## Directions for this task
Transcribe the line that contains "Вертикальное Видео Портрета" and every line after it to the end of the records, exactly and nothing else. Skip the pictures.
:: The data ::
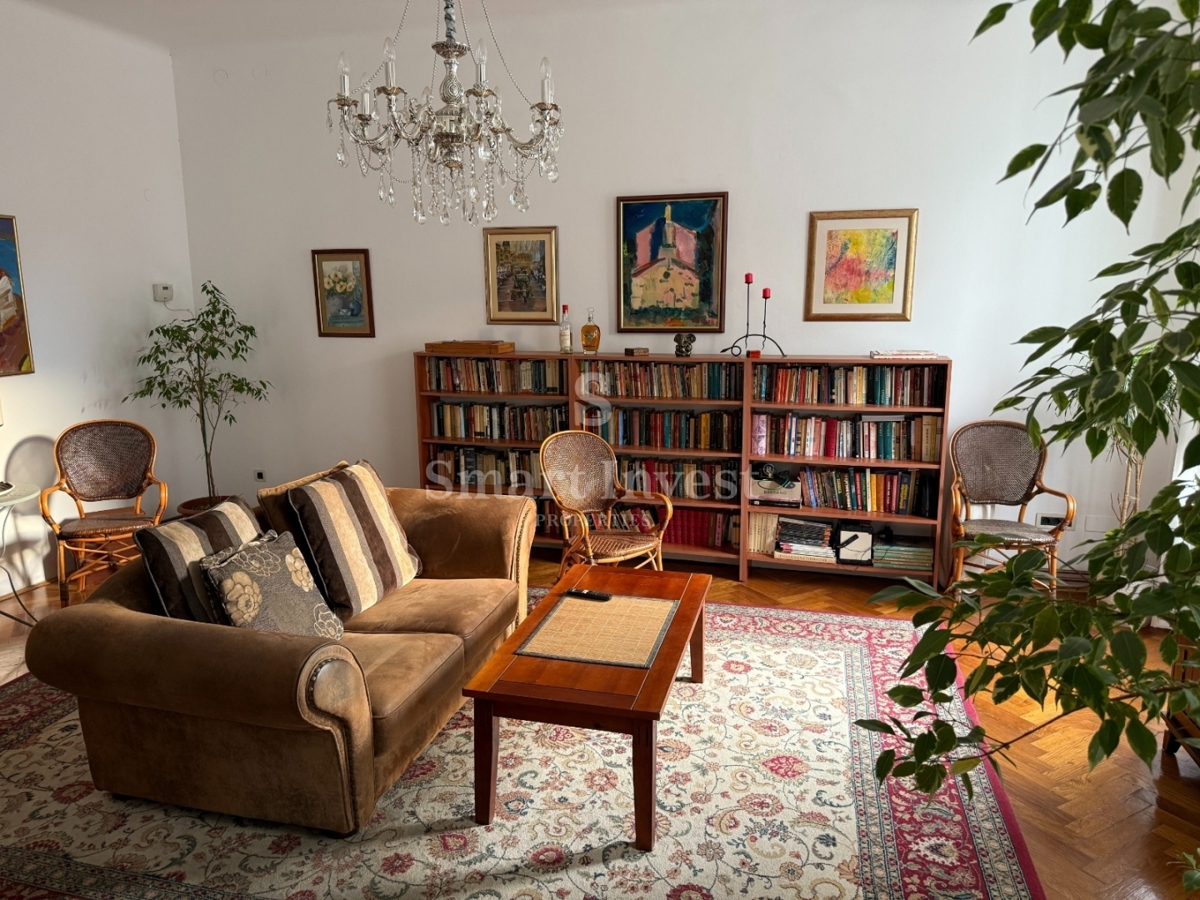 RIJEKA - CENTRO, spazioso appartamento con balcone, 2 ingressi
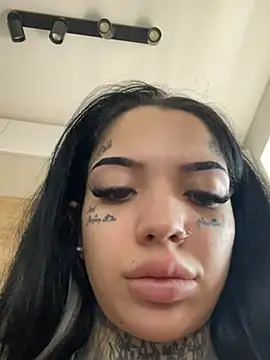 CreamyInkky  online show from February 24, 2025, 11:43 am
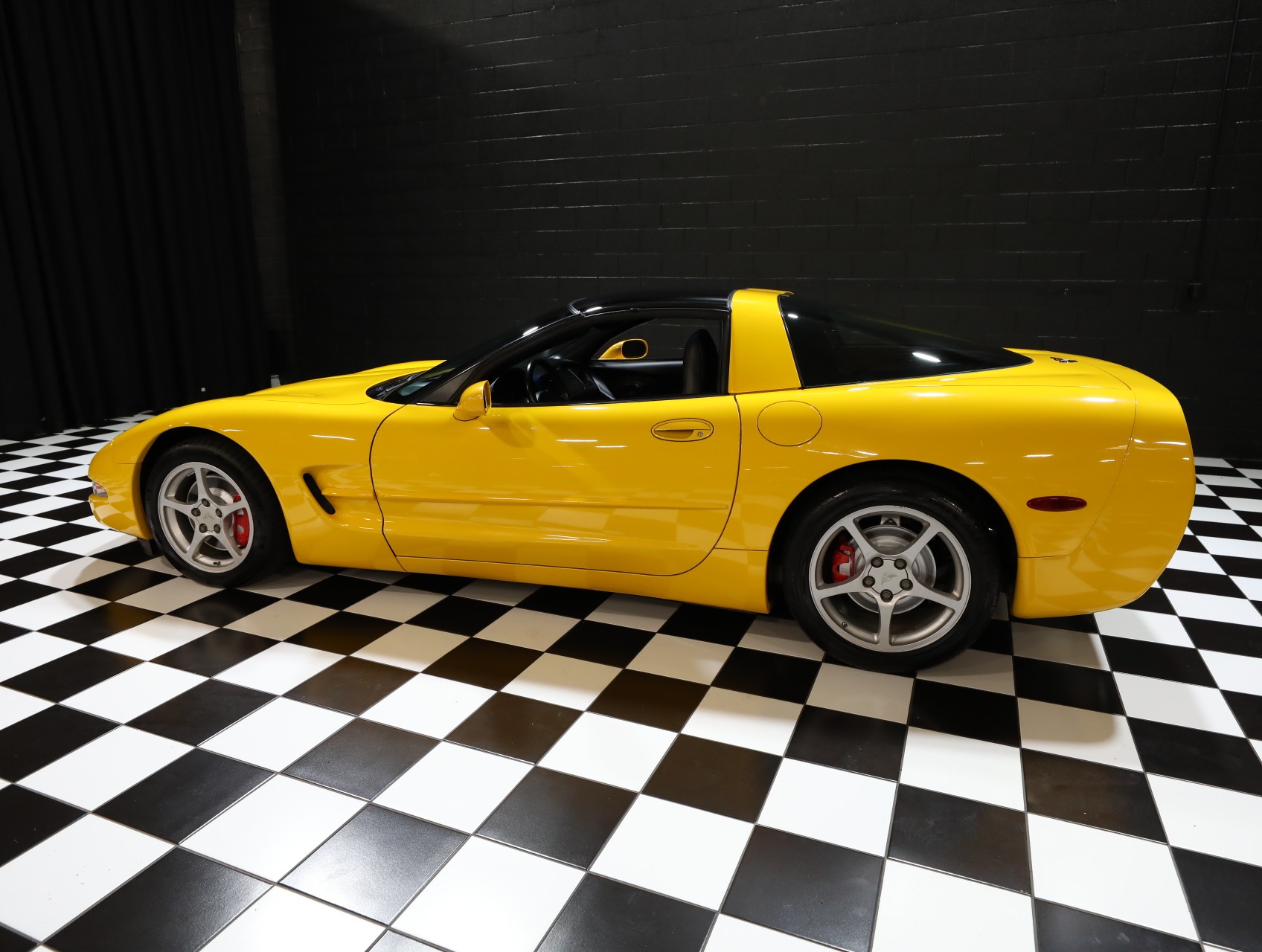 2000 Chevrolet Corvette 6
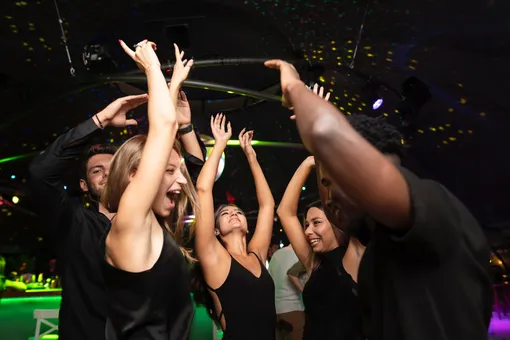 танцы в клубе танцы в клубе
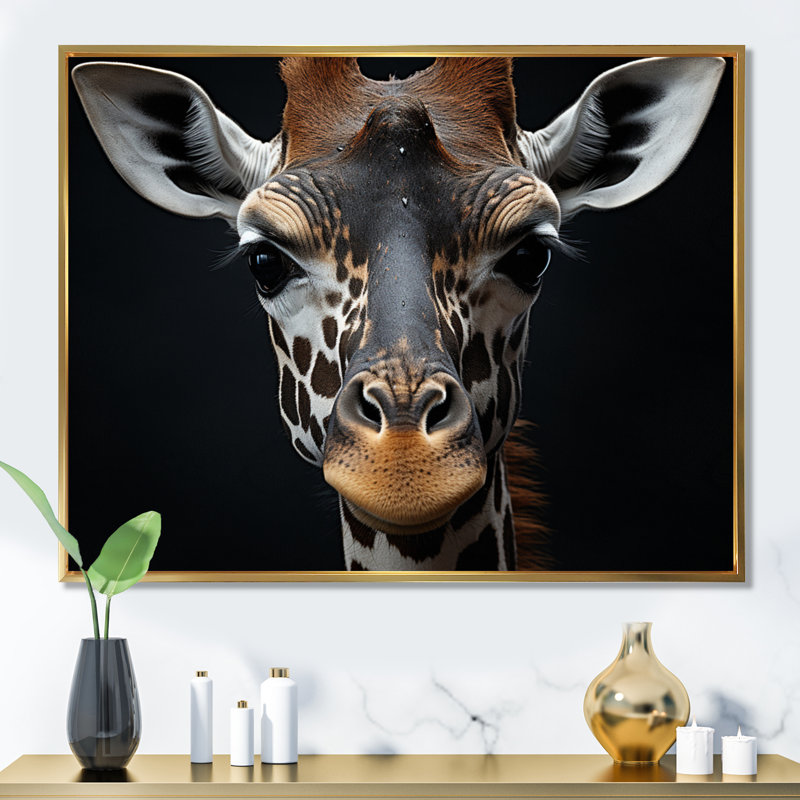 «Black and White Giraffe Portrait I - Giraffe», reproduction d'art sur toile encadrée, H 24 po x l 32 po, Doré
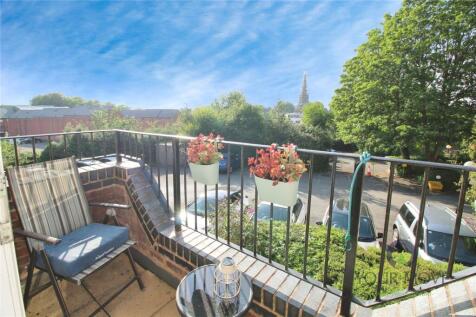 Ednall Lane, Bromsgrove, Worcestershire, B60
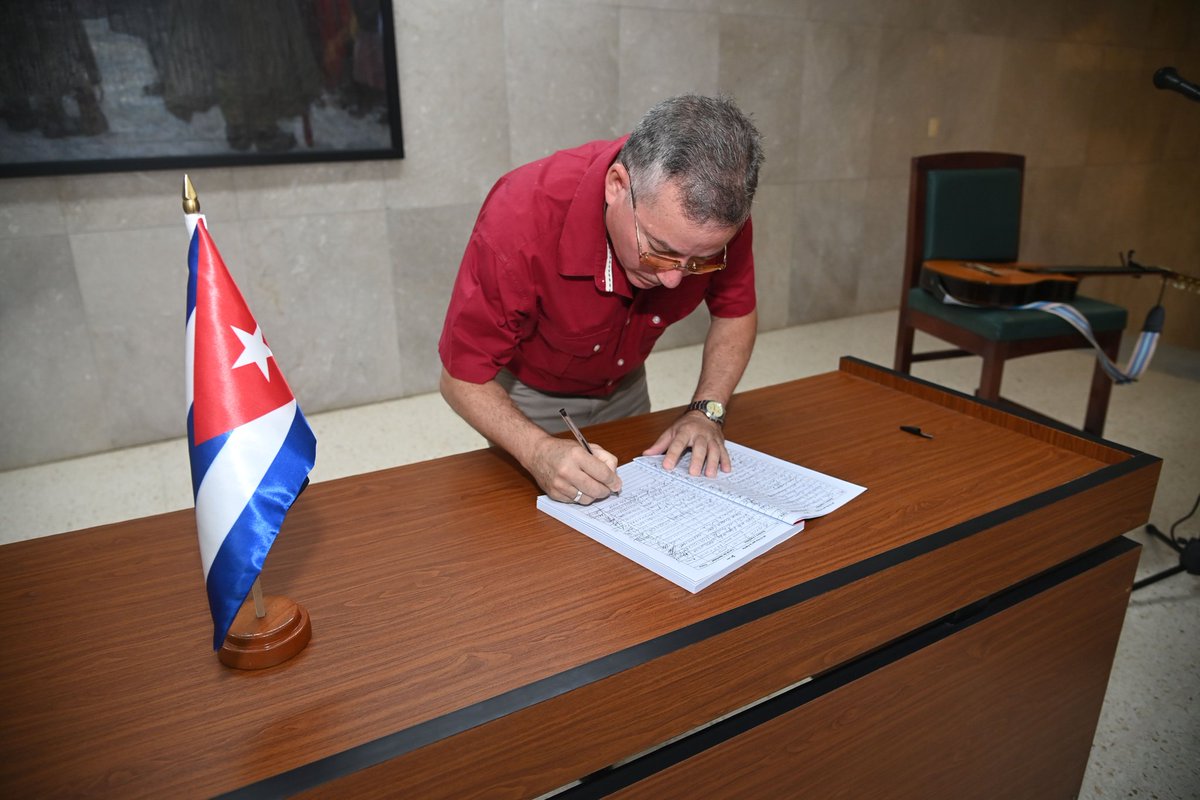 PresidenciaCuba's tweet image. 🇨🇺| El Primer Secretario del Comité Central del Partido Comunista de #Cuba y Presidente de la República, @DiazCanelB, participó en el acto realizado en la sede de la organización partidista para respaldar el movimiento “Mi firma por la Patria”.

📎| presidencia.gob.cu/es/noticias/un…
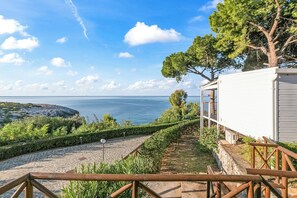 A coastal property with a stone pathway leading to a white building, overlooking the sea. - Sea View - 40 Parallelo - Superior 8, Marina di Camerota, Italy (Marina di Camerota)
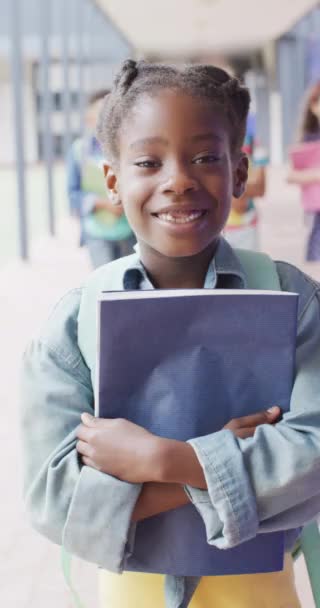 Вертикальное Видео Портрета Счастливой Африканской Школьницы Школе Образование Инклюзивность Концепция — стоковое видео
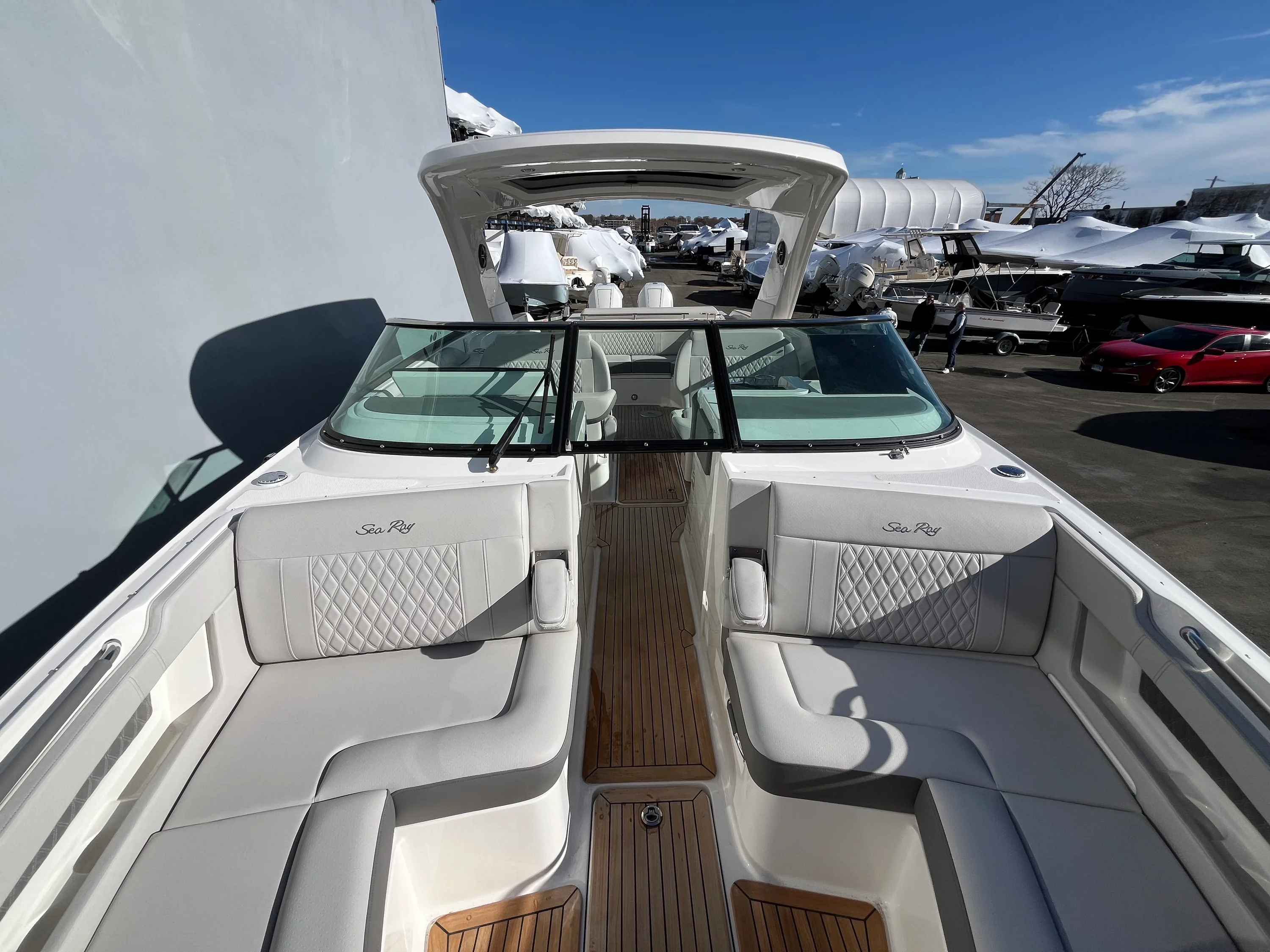 2026 Sea Ray SLX 310 Outboard Image Thumbnail #42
:::
## Response
 Вертикальное Видео Портрета Счастливой Африканской Школьницы Школе Образование Инклюзивность Концепция — стоковое видео
 2026 Sea Ray SLX 310 Outboard Image Thumbnail #42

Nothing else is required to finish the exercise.